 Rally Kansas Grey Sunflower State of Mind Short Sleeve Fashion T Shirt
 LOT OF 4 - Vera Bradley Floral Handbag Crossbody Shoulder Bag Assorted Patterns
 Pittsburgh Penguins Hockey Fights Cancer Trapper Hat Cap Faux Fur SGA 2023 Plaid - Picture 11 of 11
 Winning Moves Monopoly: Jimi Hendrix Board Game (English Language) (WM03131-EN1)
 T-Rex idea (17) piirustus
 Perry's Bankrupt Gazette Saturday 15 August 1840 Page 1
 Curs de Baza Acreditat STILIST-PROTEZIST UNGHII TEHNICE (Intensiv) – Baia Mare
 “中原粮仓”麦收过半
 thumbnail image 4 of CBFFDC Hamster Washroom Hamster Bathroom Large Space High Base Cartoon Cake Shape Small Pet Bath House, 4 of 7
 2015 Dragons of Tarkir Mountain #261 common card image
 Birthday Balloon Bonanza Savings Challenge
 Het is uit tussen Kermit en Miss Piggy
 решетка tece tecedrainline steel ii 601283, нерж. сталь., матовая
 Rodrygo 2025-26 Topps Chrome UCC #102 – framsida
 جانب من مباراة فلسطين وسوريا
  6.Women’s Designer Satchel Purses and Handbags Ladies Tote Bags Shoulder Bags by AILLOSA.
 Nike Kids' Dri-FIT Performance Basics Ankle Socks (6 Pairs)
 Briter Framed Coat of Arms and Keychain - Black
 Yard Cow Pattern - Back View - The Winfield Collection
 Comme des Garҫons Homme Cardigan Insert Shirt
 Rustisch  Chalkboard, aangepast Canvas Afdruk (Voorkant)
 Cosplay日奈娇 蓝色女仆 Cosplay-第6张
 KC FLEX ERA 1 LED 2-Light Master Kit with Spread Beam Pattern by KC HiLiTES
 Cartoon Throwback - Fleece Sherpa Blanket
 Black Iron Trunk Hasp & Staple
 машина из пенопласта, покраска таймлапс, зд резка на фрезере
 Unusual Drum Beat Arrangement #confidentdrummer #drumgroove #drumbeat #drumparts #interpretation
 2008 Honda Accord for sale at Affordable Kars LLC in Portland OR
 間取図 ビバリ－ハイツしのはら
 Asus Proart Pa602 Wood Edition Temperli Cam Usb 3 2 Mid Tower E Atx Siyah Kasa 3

* * * * * * * * *

Taking the entries above, write out exactly the lines starting with the line containing "Birthday Balloon Bonanza Savings Challenge" and going on through the line containing "6.Women’s Designer Satchel", both included, and nothing else.

RESPONSE BELOW.
 Birthday Balloon Bonanza Savings Challenge
 Het is uit tussen Kermit en Miss Piggy
 решетка tece tecedrainline steel ii 601283, нерж. сталь., матовая
 Rodrygo 2025-26 Topps Chrome UCC #102 – framsida
 جانب من مباراة فلسطين وسوريا
  6.Women’s Designer Satchel Purses and Handbags Ladies Tote Bags Shoulder Bags by AILLOSA.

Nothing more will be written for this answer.